▸ EXERCISE PROMPT
Below is a listing; repeat exactly the lines from the one containing "Steph Curry Golden" to the one containing "Kamila (Linda Rybová)", both included.

▸ DATASET RECORDS
== Segment start ==
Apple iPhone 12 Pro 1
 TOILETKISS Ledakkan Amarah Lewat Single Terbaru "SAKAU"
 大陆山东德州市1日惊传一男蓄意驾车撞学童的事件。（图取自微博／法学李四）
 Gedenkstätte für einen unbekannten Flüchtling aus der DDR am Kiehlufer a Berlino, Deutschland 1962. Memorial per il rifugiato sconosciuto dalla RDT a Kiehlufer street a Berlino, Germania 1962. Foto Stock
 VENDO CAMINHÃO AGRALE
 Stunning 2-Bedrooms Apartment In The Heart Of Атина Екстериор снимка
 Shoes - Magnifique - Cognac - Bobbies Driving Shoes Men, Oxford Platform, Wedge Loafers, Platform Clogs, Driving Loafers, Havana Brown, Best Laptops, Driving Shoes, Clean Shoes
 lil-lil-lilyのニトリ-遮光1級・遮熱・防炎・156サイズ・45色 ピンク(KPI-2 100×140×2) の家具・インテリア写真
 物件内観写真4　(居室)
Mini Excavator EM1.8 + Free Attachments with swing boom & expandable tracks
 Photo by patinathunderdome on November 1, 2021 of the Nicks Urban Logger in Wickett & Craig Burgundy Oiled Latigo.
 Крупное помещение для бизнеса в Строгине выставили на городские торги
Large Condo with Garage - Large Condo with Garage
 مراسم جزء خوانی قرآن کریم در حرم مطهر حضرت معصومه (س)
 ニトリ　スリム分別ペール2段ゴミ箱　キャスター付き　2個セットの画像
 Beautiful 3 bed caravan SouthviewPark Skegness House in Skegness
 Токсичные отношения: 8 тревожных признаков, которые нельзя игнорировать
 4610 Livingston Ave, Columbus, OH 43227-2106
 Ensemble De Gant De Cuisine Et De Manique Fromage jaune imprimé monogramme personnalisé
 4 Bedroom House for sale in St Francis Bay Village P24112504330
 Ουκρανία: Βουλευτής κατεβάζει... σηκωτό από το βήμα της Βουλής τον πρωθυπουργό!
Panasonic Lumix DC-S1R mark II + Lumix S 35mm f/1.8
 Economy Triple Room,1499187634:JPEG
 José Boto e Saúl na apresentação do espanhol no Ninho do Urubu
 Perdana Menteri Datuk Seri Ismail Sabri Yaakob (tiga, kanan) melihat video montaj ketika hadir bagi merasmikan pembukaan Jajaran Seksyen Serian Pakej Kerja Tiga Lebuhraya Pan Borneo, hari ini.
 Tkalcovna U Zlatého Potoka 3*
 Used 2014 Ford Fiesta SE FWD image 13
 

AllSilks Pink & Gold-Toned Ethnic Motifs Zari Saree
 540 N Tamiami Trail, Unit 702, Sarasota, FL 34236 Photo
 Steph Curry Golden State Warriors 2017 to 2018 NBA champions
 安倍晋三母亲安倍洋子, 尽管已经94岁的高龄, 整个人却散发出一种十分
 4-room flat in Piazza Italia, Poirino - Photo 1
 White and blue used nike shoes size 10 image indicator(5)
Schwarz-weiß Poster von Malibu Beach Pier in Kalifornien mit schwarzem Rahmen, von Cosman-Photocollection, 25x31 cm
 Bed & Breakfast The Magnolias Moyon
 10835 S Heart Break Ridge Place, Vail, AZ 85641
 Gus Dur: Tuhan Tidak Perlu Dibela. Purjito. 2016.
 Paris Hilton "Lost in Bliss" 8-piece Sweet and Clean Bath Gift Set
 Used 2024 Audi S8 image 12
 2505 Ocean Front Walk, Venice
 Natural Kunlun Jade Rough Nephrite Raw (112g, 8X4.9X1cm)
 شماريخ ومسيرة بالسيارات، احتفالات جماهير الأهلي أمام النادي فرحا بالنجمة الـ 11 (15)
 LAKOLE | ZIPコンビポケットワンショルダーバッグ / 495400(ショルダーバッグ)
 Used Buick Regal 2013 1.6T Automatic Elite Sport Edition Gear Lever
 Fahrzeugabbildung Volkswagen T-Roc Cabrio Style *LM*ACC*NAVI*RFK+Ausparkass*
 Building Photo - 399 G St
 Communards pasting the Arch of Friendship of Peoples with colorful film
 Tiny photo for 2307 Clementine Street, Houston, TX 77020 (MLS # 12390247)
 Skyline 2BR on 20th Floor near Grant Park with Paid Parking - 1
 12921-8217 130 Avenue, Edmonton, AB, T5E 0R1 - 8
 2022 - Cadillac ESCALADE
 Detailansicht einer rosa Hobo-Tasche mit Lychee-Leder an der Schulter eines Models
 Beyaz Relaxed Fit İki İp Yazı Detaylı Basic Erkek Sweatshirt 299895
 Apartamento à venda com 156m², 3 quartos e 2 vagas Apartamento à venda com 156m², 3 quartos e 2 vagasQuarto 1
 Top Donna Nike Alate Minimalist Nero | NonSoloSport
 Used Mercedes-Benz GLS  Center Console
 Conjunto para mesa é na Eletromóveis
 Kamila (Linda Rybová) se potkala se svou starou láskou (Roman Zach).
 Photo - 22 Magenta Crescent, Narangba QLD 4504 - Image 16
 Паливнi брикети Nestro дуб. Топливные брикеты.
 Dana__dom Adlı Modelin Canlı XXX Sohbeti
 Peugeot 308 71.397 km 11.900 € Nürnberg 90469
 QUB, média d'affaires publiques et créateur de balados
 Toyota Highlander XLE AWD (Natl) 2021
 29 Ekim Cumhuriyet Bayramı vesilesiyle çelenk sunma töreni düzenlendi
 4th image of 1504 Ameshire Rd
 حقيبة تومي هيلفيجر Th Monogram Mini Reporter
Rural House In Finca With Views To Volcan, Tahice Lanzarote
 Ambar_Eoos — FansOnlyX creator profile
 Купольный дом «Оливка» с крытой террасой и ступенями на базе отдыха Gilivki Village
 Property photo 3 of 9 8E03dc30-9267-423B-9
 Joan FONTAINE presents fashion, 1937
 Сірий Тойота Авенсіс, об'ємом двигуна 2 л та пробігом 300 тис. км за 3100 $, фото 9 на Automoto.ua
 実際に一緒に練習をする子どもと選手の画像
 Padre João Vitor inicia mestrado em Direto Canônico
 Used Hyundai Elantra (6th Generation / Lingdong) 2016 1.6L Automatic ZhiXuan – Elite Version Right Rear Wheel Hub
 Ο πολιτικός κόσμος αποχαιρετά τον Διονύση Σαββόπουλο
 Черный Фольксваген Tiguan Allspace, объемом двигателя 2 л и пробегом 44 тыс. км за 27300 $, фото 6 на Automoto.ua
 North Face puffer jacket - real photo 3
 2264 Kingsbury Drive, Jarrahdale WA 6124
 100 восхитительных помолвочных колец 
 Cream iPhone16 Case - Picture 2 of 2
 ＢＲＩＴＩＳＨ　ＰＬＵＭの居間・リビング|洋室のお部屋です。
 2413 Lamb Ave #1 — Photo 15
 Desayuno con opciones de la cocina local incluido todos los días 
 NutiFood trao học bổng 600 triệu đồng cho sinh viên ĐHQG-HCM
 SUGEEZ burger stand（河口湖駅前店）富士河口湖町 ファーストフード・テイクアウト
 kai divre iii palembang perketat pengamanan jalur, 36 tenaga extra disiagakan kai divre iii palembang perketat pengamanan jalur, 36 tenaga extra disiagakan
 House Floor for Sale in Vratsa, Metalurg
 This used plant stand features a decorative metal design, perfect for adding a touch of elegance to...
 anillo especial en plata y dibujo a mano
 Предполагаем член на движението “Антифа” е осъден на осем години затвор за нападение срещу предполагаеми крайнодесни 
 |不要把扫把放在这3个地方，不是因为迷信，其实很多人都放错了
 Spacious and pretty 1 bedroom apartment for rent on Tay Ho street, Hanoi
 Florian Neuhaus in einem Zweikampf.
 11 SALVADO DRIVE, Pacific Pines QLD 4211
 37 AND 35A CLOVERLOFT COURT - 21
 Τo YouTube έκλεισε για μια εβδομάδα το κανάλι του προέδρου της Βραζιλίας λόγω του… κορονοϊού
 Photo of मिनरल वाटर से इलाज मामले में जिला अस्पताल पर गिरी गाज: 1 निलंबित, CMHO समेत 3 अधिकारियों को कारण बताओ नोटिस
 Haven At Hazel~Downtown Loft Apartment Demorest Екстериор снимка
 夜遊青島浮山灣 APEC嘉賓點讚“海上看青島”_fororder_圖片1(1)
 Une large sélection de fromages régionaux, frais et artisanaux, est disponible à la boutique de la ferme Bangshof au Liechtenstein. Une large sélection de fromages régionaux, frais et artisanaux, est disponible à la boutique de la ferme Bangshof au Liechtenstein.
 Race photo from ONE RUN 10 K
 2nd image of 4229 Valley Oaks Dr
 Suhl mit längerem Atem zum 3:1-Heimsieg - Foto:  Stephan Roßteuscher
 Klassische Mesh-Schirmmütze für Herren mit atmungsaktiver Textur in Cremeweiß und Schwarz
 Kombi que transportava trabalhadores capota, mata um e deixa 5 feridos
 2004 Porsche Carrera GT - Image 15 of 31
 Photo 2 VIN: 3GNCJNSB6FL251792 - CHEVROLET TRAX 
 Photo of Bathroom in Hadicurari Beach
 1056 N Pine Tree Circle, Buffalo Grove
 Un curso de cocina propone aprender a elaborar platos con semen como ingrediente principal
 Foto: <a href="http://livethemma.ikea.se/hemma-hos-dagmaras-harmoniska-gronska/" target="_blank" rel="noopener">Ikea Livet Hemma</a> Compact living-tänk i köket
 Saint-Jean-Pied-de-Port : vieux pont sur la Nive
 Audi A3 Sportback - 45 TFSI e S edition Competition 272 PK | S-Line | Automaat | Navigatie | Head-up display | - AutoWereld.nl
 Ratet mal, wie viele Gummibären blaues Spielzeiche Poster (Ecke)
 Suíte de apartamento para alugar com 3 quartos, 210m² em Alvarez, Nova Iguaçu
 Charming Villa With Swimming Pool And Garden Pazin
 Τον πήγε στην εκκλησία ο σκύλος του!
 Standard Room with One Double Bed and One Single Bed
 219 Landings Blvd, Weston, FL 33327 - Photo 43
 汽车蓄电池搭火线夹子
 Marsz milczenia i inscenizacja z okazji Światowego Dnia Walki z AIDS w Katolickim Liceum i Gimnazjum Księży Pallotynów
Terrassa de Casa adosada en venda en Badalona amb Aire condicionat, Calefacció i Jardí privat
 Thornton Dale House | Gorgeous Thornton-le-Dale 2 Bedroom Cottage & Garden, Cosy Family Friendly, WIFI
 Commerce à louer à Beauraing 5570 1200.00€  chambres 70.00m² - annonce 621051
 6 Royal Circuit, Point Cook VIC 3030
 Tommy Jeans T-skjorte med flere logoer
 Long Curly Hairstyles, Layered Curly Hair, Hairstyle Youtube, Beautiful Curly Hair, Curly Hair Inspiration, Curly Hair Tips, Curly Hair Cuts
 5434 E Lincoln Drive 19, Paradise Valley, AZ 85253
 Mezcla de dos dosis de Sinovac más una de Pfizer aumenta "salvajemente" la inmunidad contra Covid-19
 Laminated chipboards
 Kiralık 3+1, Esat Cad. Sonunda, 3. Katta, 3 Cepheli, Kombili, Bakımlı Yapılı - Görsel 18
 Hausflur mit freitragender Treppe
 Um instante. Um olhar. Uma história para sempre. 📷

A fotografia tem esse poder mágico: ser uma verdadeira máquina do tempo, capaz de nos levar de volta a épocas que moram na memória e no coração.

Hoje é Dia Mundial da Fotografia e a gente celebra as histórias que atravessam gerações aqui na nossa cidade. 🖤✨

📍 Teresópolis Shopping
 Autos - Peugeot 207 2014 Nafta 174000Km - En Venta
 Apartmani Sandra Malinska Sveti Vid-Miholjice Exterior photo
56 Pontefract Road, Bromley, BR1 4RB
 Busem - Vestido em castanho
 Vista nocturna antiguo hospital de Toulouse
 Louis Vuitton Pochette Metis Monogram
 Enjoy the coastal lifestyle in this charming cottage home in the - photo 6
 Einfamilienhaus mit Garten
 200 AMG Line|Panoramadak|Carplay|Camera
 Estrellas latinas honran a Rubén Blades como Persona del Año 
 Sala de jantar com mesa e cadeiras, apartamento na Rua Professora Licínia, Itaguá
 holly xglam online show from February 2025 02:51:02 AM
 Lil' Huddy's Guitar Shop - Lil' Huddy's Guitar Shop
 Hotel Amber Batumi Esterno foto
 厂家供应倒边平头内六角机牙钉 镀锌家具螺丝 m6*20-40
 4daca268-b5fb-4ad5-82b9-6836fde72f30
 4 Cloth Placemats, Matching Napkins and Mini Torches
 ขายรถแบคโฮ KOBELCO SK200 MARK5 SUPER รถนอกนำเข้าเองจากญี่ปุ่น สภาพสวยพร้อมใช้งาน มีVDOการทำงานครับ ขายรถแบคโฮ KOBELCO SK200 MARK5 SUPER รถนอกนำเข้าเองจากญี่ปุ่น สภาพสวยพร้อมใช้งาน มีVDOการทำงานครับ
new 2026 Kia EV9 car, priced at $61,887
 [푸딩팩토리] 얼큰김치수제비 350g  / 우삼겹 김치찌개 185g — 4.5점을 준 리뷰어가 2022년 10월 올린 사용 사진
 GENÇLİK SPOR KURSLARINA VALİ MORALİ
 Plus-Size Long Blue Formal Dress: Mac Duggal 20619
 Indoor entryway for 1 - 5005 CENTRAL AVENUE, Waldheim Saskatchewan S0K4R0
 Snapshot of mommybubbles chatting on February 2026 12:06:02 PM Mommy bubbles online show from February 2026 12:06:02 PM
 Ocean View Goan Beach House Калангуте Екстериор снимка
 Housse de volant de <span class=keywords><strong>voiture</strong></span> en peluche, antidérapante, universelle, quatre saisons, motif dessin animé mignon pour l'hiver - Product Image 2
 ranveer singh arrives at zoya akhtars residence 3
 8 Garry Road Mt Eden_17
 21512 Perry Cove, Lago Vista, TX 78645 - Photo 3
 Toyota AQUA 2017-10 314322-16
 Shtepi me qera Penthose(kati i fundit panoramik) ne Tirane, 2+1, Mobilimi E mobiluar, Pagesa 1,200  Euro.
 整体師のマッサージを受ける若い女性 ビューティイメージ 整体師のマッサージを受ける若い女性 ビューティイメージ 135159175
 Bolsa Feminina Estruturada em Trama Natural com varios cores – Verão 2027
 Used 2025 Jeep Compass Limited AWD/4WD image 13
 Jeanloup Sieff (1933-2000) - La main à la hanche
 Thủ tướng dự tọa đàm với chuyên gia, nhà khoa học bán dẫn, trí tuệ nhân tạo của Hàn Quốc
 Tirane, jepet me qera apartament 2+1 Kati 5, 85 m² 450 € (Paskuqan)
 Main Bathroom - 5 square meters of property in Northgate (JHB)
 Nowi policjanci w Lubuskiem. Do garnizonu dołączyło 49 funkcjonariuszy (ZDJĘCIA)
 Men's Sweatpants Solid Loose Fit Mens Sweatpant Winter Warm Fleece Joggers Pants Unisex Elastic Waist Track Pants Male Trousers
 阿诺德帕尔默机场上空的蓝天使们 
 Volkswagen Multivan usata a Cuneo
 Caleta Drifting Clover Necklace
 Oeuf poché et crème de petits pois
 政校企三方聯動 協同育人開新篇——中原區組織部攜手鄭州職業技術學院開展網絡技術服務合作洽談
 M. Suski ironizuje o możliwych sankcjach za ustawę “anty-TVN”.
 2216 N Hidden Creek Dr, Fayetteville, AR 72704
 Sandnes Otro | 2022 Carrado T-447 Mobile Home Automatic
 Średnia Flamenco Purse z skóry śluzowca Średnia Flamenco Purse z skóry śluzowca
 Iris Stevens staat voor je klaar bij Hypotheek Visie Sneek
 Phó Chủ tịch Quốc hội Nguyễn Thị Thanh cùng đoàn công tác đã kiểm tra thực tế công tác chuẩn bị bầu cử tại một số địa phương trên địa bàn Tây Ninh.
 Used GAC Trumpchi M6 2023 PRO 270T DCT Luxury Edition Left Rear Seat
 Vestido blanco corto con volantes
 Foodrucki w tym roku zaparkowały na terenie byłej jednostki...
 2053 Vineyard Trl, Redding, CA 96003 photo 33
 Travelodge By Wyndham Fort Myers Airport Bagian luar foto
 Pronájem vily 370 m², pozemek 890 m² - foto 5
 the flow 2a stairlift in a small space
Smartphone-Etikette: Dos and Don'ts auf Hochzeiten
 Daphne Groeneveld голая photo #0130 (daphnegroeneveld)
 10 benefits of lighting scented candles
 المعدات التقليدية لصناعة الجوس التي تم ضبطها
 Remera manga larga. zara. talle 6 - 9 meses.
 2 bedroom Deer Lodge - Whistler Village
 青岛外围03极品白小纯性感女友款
== Segment end ==
▸ ANSWER SECTION
 Steph Curry Golden State Warriors 2017 to 2018 NBA champions
 安倍晋三母亲安倍洋子, 尽管已经94岁的高龄, 整个人却散发出一种十分
 4-room flat in Piazza Italia, Poirino - Photo 1
 White and blue used nike shoes size 10 image indicator(5)
Schwarz-weiß Poster von Malibu Beach Pier in Kalifornien mit schwarzem Rahmen, von Cosman-Photocollection, 25x31 cm
 Bed & Breakfast The Magnolias Moyon
 10835 S Heart Break Ridge Place, Vail, AZ 85641
 Gus Dur: Tuhan Tidak Perlu Dibela. Purjito. 2016.
 Paris Hilton "Lost in Bliss" 8-piece Sweet and Clean Bath Gift Set
 Used 2024 Audi S8 image 12
 2505 Ocean Front Walk, Venice
 Natural Kunlun Jade Rough Nephrite Raw (112g, 8X4.9X1cm)
 شماريخ ومسيرة بالسيارات، احتفالات جماهير الأهلي أمام النادي فرحا بالنجمة الـ 11 (15)
 LAKOLE | ZIPコンビポケットワンショルダーバッグ / 495400(ショルダーバッグ)
 Used Buick Regal 2013 1.6T Automatic Elite Sport Edition Gear Lever
 Fahrzeugabbildung Volkswagen T-Roc Cabrio Style *LM*ACC*NAVI*RFK+Ausparkass*
 Building Photo - 399 G St
 Communards pasting the Arch of Friendship of Peoples with colorful film
 Tiny photo for 2307 Clementine Street, Houston, TX 77020 (MLS # 12390247)
 Skyline 2BR on 20th Floor near Grant Park with Paid Parking - 1
 12921-8217 130 Avenue, Edmonton, AB, T5E 0R1 - 8
 2022 - Cadillac ESCALADE
 Detailansicht einer rosa Hobo-Tasche mit Lychee-Leder an der Schulter eines Models
 Beyaz Relaxed Fit İki İp Yazı Detaylı Basic Erkek Sweatshirt 299895
 Apartamento à venda com 156m², 3 quartos e 2 vagas Apartamento à venda com 156m², 3 quartos e 2 vagasQuarto 1
 Top Donna Nike Alate Minimalist Nero | NonSoloSport
 Used Mercedes-Benz GLS  Center Console
 Conjunto para mesa é na Eletromóveis
 Kamila (Linda Rybová) se potkala se svou starou láskou (Roman Zach).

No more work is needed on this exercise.